21.In the case of Peter Gichuki King'ara Vs Iebc & 2 Others, Nyeri Civil Appeal No. 31 Of 2013, (Court of Appeal) (Visram, Koome & Odek, JJA) of 13th February 2014, the Court of Appeal settled on what constitutes points of law as follows:-It was held that it is trite law that the exercise of judicial discretion is a point of law and that the trial court in denying a prayer of scrutiny is exercising judicial discretion. The Court concluded that it would not be feasible for the Court of Appeal to order for a recount and scrutiny as this would involve matters of fact that were within the jurisdiction of the trial court. The court further held that the question of whether the trial judge properly considered and evaluated the evidence and arrived at a correct determination that is supported by law and evidence – with the caveat that the appeal court did not see the witness demeanour – is an issue of law.”
22.On analysing the grounds of appeal, I find that notwithstanding the manner it is couched, the Appellant faults the learned Adjudicator for wrong exercise of discretion.
23.The Appellant further faults the Adjudicator for exercising wrong principles in admitting evidence after a judgement as well as for making her decision based on lack of evidence and or evidence that was not subjected to scrutiny as it was produced after dismissal of the Respondent’s claim.
24.A judgement based on no evidence or unauthenticated evidence is a matter of law as it constitutes an error on the face of the record and notwithstanding the provisions of Section 32 of the Small Claims Court Act, a Claimant has the onus of proving his case before the Adjudicator.
25.In the case of Francis Mburu Ngugi v. Trident Insurance Company Ltd [2024] KEHC 13948 (KLR), the court held as follows:-The fact that the small claims court is not bound by strict rules of evidence does not give that court a carte blanche to decide without any evidence. The burden of proof still remains on the person alleging. If a party alleges that there is a judgment, at the very least, evidence of that judgment should be produced to show parties who were parties in that case. In another life, I pointed out the poignancy of such matters in the lower court, given the nature of proof required.”

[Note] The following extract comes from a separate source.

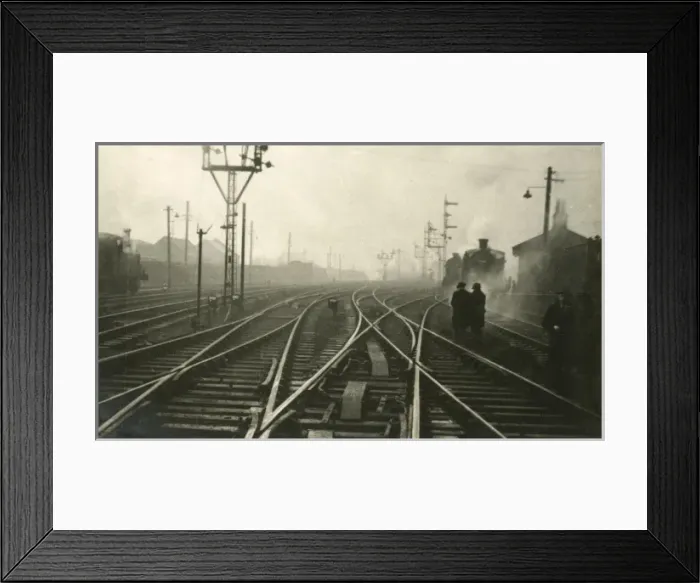 Framed Print : Railway junction in the morning mist Framed Print : Railway junction in the morning mist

26.The earlier judgement delivered on 13th January 2023 focused on the Mpesa statement and the inventory that had been availed by the Respondent at that time and held that there was indeed an overpayment on the part of the Appellant. The Respondent applied for review of the said judgement. It is undisputed that the Small Claims Court has the power to review.
27.Section 41 of the Small Claims Court Act provides as follows:-(1)An Adjudicator may, on application by any aggrieved party or on his or her own motion, review any order of the Court on the ground that—(a)the order was made ex-parte without notice to the applicant;(b)the claim or order was outside the jurisdiction of the Court;(c)the order was obtained fraudulently;(d)there was an error of law on the face of the record; or(e)new facts previously not before the Court have been discovered by either of the parties.(2)The application referred to under subsection (1) shall be made within thirty days of the order or award sought to be reviewed or such other period as the court may allow.”

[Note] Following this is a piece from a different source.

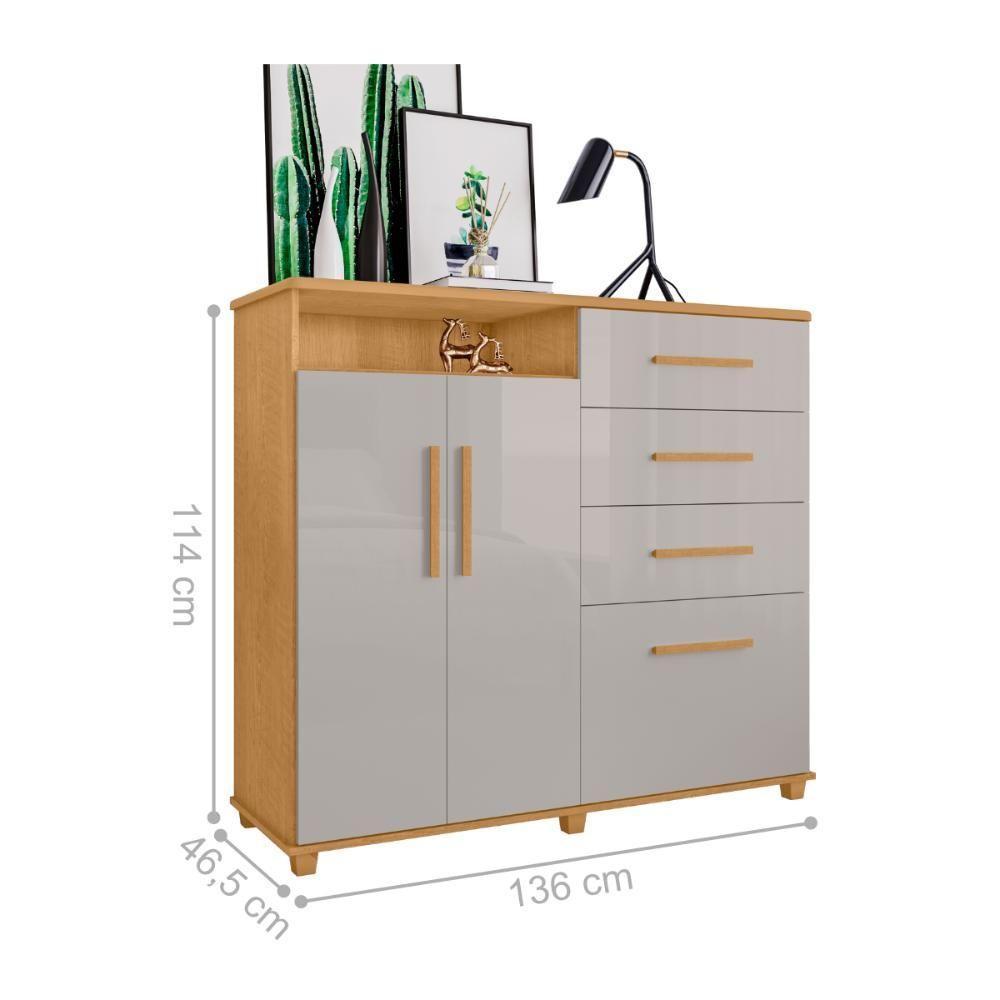Cômoda Com 2 Portas E 4 Gavetas Seábra Naturalle Off White - 2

28.The Respondent’s prayer was founded on Section 41 Rule 1 (e) of the Small Claims Act and which borrows heavily from Order 45 Rule 1(b) of the Civil Procedure Rules provides as follows:-(1)Any person considering himself aggrieved—(b)by a decree or order from which no appeal is hereby allowed, and who from the discovery of new and important matter or evidence which, after the exercise of due diligence, was not within his knowledge or could not be produced by him at the time when the decree was passed or the order made, or on account of some mistake or error apparent on the face of the record, or for any other sufficient reason, desires to obtain a review of the decree or order, may apply for a review of judgment to the court which passed the decree or made the order without unreasonable delay.”
29.The crux of the Respondent’s prayer during review was that their inventory records for the year 2021-2022 had been purportedly sent to the head office in Punjab, India at the time of filling the claim and they had only extracts of the inventory.
30.They produced a handwritten inventory whose authenticity was never proven. The purported inventory records relied by the Respondent was a general summation of the payment to the Appellant. The four copies of the invoices relied upon by the Respondent do not tally with the amount that the Respondent claims is owed to them by the Appellant.
31.In my view, the trial court was wrong in allowing the application for review and entering judgement as prayed in the claim as allowing it amounted to re-opening the case afresh and as such the Appellant should have been given an opportunity to cross-examine the Respondent on the new evidence. The failure to allow the Appellant challenge the new evidence led to an injustice as submitted by the Appellant. In the premises, I find and hold that the Adjudicator exercised the wrong principles in admitting the evidence and allowing the claim.
32.In the case of Citec International Estate Ltd & Others v. Francis & Others [2014] LPELR-22314(SC), the Nigerian Supreme Court held as follows:-An application for review, is not meant to afford the losing party, an opportunity to re-litigate or re-open a matter merely because such party is unhappy with the outcome...”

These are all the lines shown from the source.